Week of 130624

Daily WLCG Operations Call details

To join the call, at 15.00 CE(S)T Monday to Friday inclusive (in CERN 513 R-068) do one of the following:

  1. Dial +41227676000 (Main) and enter access code 0119168, or
  2. To have the system call you, click here

The scod rota for the next few weeks is at ScodRota

WLCG Availability, Service Incidents, Broadcasts, Operations Web

VO Summaries of Site Usability SIRs Broadcasts Operations Web
ALICE ATLAS CMS LHCb WLCG Service Incident Reports Broadcast archive Operations Web

General Information

General Information GGUS Information LHC Machine Information
CERN IT status board WLCG Baseline Versions WLCG Blogs GgusInformation Sharepoint site - LHC Page 1


Monday

Attendance:

  • local: (MariaD (SCOD), Maarten, Luc (ATLAS), Luca, Luca, Massimo, Gavin)
  • remote: (Torre, Onno, Daniela (LHCb), Xavier, Tiju, Paolo, Wei-Jen, Jose Hernandez (CMS), Lisa, Michael, Rob, Rolf)

Experiments round table:

  • ATLAS reports (raw view) -
    • T0/Central services
      • Hammercloud unavailable GGUS:95033 & INC:323943. DB unavailable (increased on the number of established sessions with no release of the connections).Ongoing. Additional info on this private db is now in the ticket.
      • CERN-PROD: jobs failing with stage-out errors GGUS:94978. Solved: ldap lookup stuck. Bugfix deployed. Luca said that if we experience another crash there will be an immediate update with the fix.
    • T1
      • FZK "put errors" GGUS:95021. jobs/transfers are forced onto the same disk cluster, because all other disks are full. Only 20TB left over the we. Space made up to 60TB.
      • TW-LCG2 transfer errors due to timeout from Taiwan back to BNL. Ongoing

  • CMS reports (raw view) -
    • Quiet weekend
    • Intermittent CERN SRM Castor unavailability in SLS monitoring (INC:323167) caused by large activity via srm to t1transfer castor pool which overloads the pool and srm endpoint which times out. CMS operations looking at this. Luca said the intense FNAL-to-CERN traffic observed, is most probably due to FTS transfers.

  • ALICE -
    • CERN: the use of an outdated table in the AliEn DB caused the vast majority of jobs to try reading their input data from SEs at Russian sites, instead of from EOS; this led to a very bad job efficiency on Sat through Sun morning, when the problem was fixed
    • CERN: EOS-ALICE became unavailable Sun around 17:30, apparently due to reverse DNS lookups for a particular client machine taking a long time (GGUS:95039); the developers will look into making the relevant code more robust in that respect; meanwhile the problematic client was blocked and the service was again available shortly after midnight, thanks!
      • Luca said CERN/IT/CS experts confirmed the DNS expiration value is as low as 60'' instead of 3 hrs. Checking if this can be changed.
    • CNAF: corrupted files were found when part of the 2010 raw data was staged in again to prepare for a reprocessing campaign; it is not yet clear if the data is already corrupted on tape.
      • A ticket was opened after the meeting: GGUS:95073

  • LHCb reports (raw view) -
    • Incremental stripping campaign in progress and MC productions ongoing
    • T0:
    • T1:
      • GridKa :Server for the major staging pool is out of operation, so we're staging at a reasonable rate, but 30% of jobs fail to access data from the pool. (Input Data Resolution)
      • SARA: Jobs fail with "segmentation violation". (GGUS:95056). All jobs failed at worker node v33-39.gina.sara.nl.
      • CERN: SetupProject.sh timeouts around midnight, now seems to have recovered.

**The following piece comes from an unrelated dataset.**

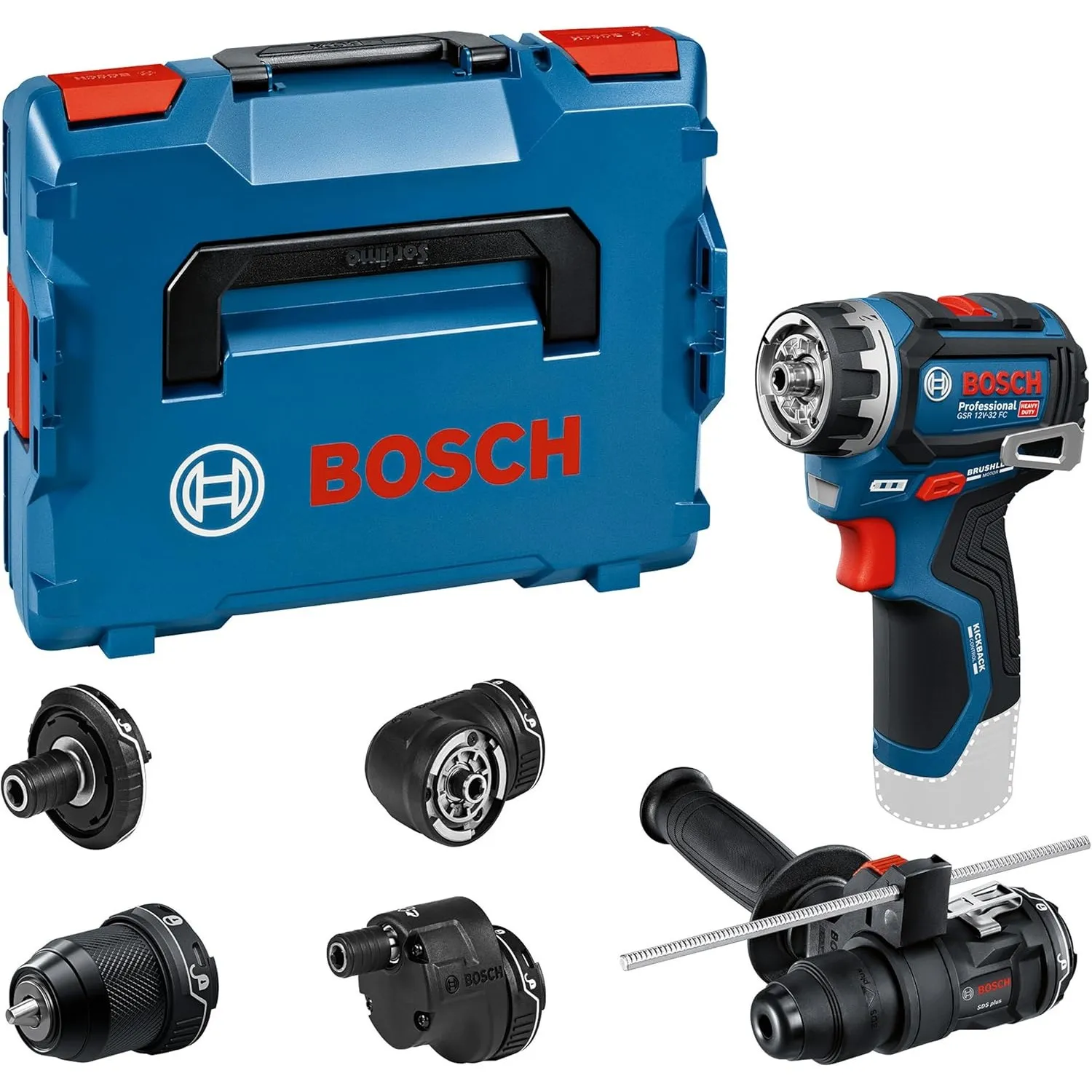Bosch PRO 12V System Cordless Drill Driver GSR12V-32FC (incl. GFA 12-M 12-X 12-E 12-W 12-H, Aux. Handle, Depth Gauge, L…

Sites / Services round table:

  • ASGC: Nothing other than the on-going investigation of the ATLAS problem.
  • BNL: Michael provided the following written report. They (BNL) spoke about this issue to ZFS recovery experts who would be able to repair the corruption if recovery were probable; they confirmed that in the event of the only known location of the rootbp being corrupted, there is no chance of recovery; reconstructing the tree without a root block and without known location of older instances of the root block is impossible. A list of files on this pool was prepared and handed over to ATLAS DDM operations. Michael agreed to make it into a SIR and link it from WLCGServiceIncidents. MariaD regretted we no more have a forum for SIRs. Maarten said the WLCG MB has such an agenda item. The details:
    1. A 64 TB storage pool stopped working on Thursday evening. As BNL is using Solaris and ZFS Oracle service was asked to investigate the problem. They found there was only one valid uberblock on the labels of each LUN; furthermore, the areas of the labels where the other uberblocks should have been (the 128 Kbyte sequential areas each containing 128 uberblocks right next to another) were seemingly overwritten by random data of unknown origin.
    2. The rootbp Data Virtual Addresses from this valid uberblock were pointing to a 512-byte range that contained all zeros, and not to a valid L0 DMU Objset structure, making it impossible to reconstruct the binary tree structure of ZFS.
    3. The corruption most likely was caused by the hardware controller of the backend SAN – but we cannot really tell which part – write cache or an issue in the controller firmware are both possible causes. In essence, the failure resulted in either writes being lost (which would explain the lack of data at the root block pointer location), or writes randomly going to different blocks than what was requested (which could explain the uberblock structure corruption).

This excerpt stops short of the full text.